### The problem
Write the lines out again, from the top of the material to the line containing "7 mm Sweet Heart", pictures excluded.

********************

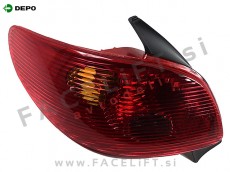 Peugeot 206 03-09 zadnja luč leva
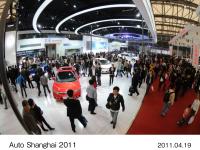Honda display of Auto Shanghai 2011
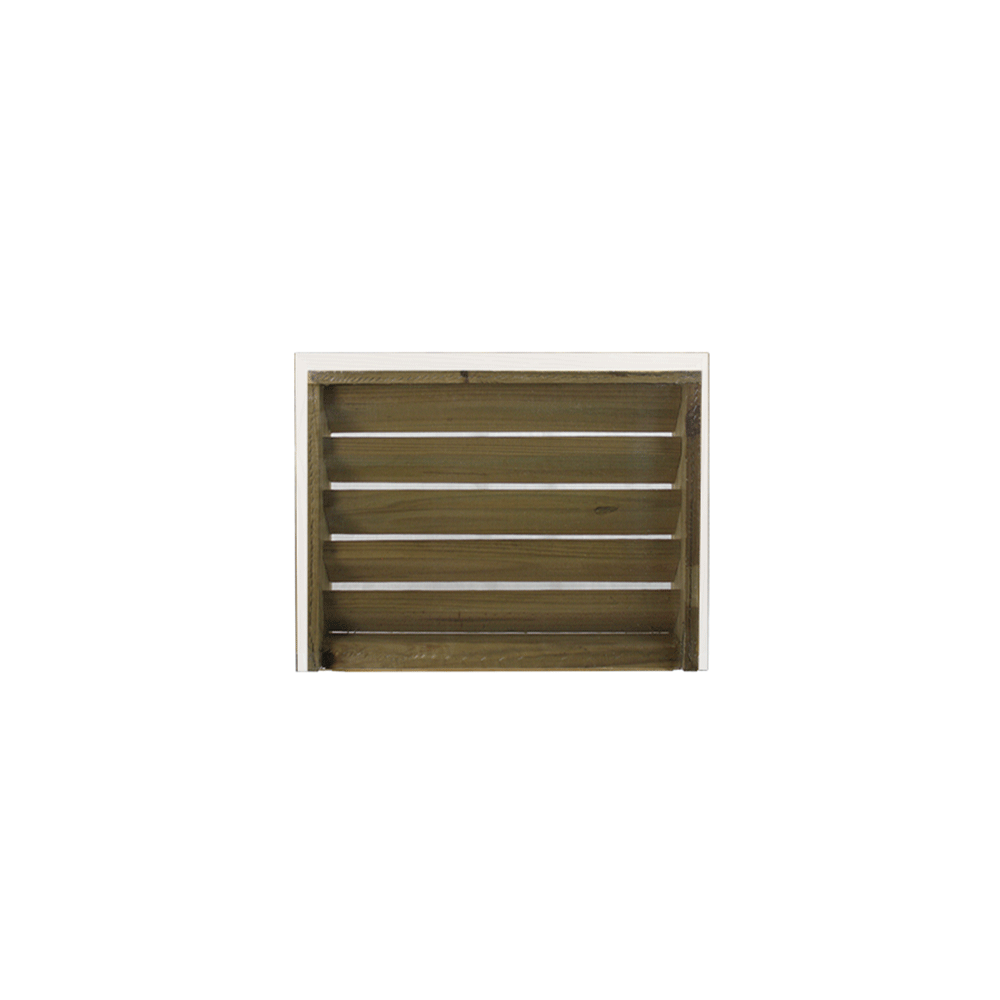 12 X 12 Standard, Square Back PVC Brick Mold Wood Vent - Shed Windows and More, Inc.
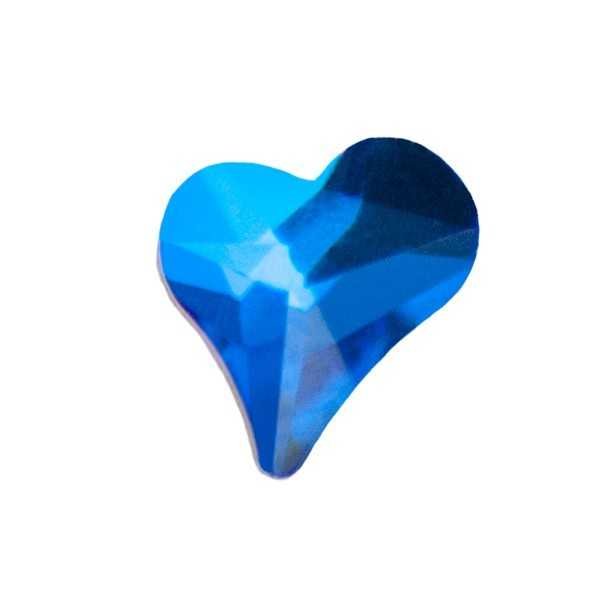 7 mm Sweet Heart Meridian Blue ragasztható strasszkő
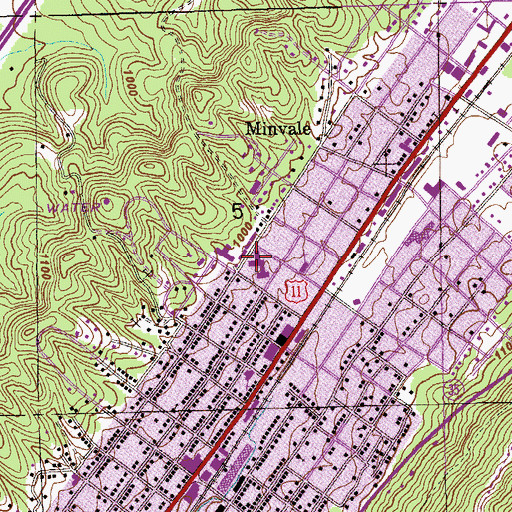 Topographic Map of CED Mental Health Center, AL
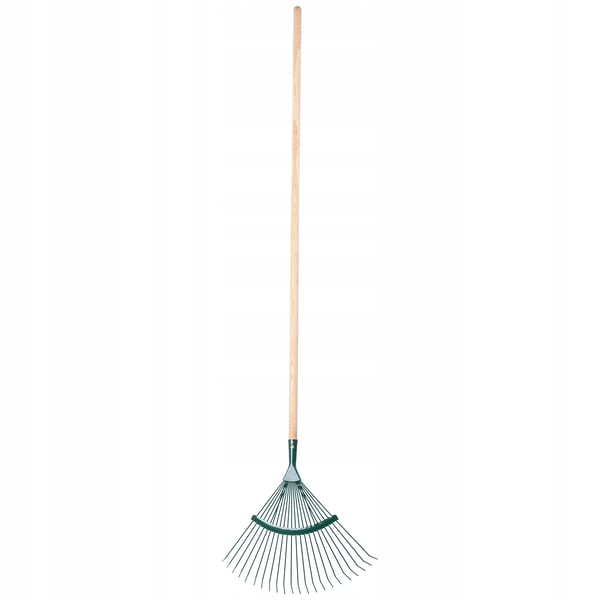 Løvrive - Haverive - 45 cm Arbejdsbredde - Trådtænder - Til Græs og Blade
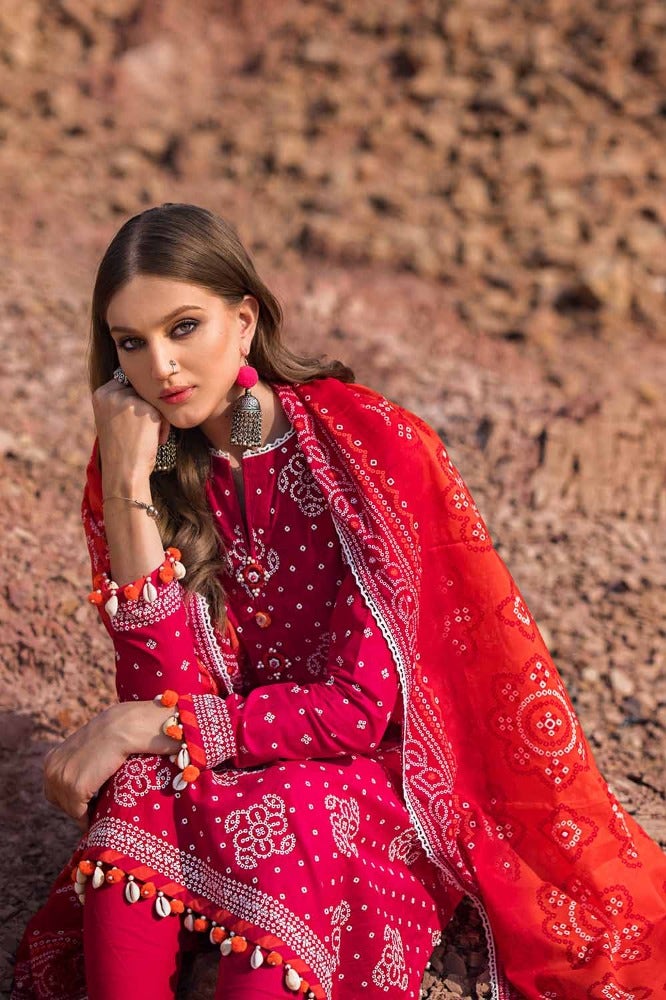 Gul Ahmed | Chunri Collection | CL-42006 - Maria Faisal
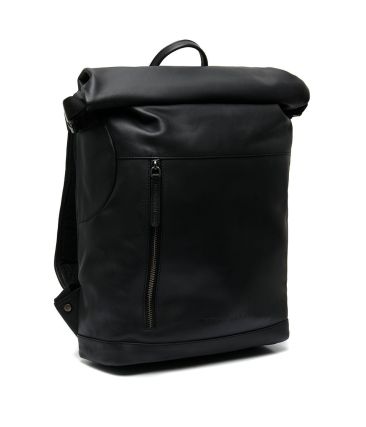 Premium Δερμάτινο Σακίδιο Rolltop Chesterfield Mazara C58.032300 Μαύρο – Vintage Χαρακτήρα & Urban Business Design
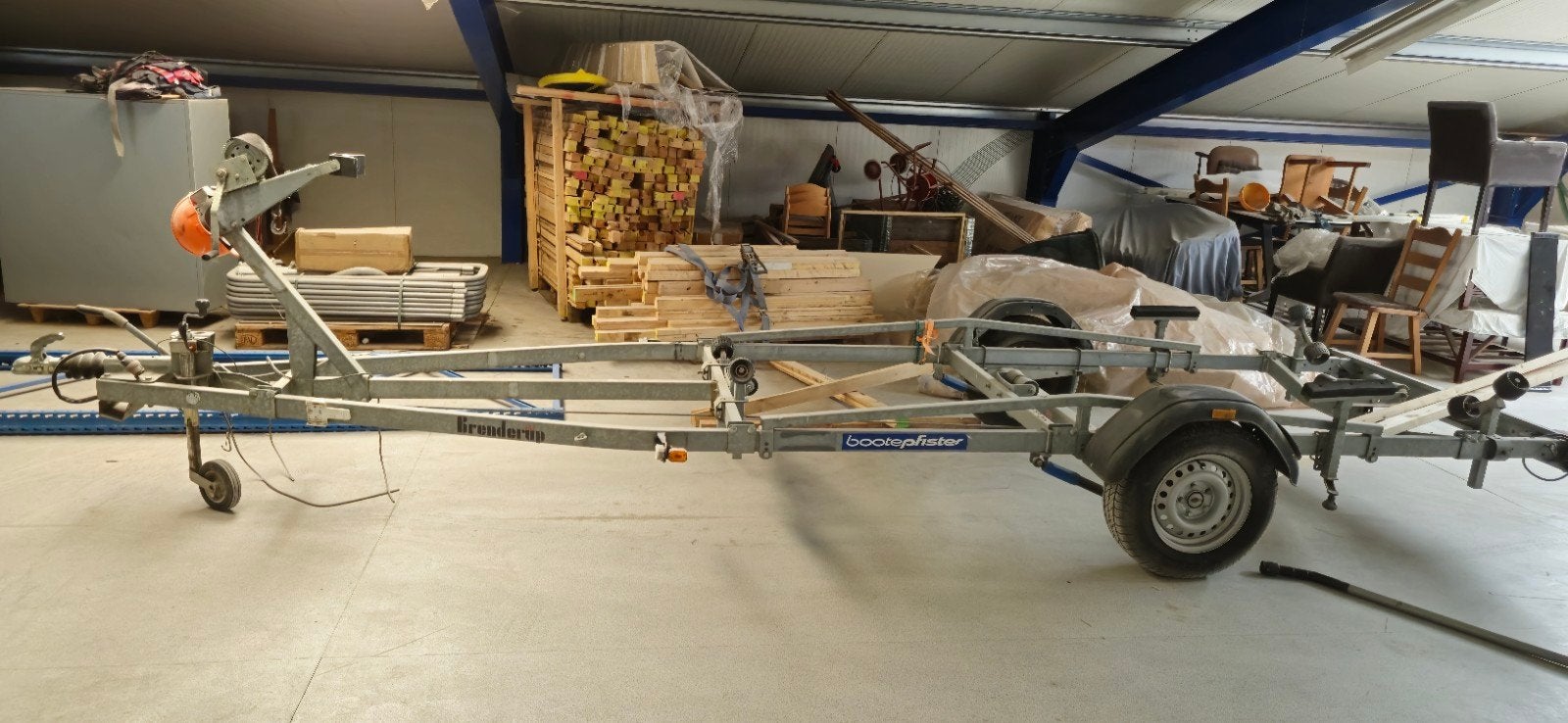Brennerup boottrailer 750 KG uitbreidbaar!, Watersport en Boten, Boottrailers, Zo goed als nieuw, Sloepentrailer, Minder dan 1500 kg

********************

### Solution to the problem
 Peugeot 206 03-09 zadnja luč leva
Honda display of Auto Shanghai 2011
 12 X 12 Standard, Square Back PVC Brick Mold Wood Vent - Shed Windows and More, Inc.
 7 mm Sweet Heart Meridian Blue ragasztható strasszkő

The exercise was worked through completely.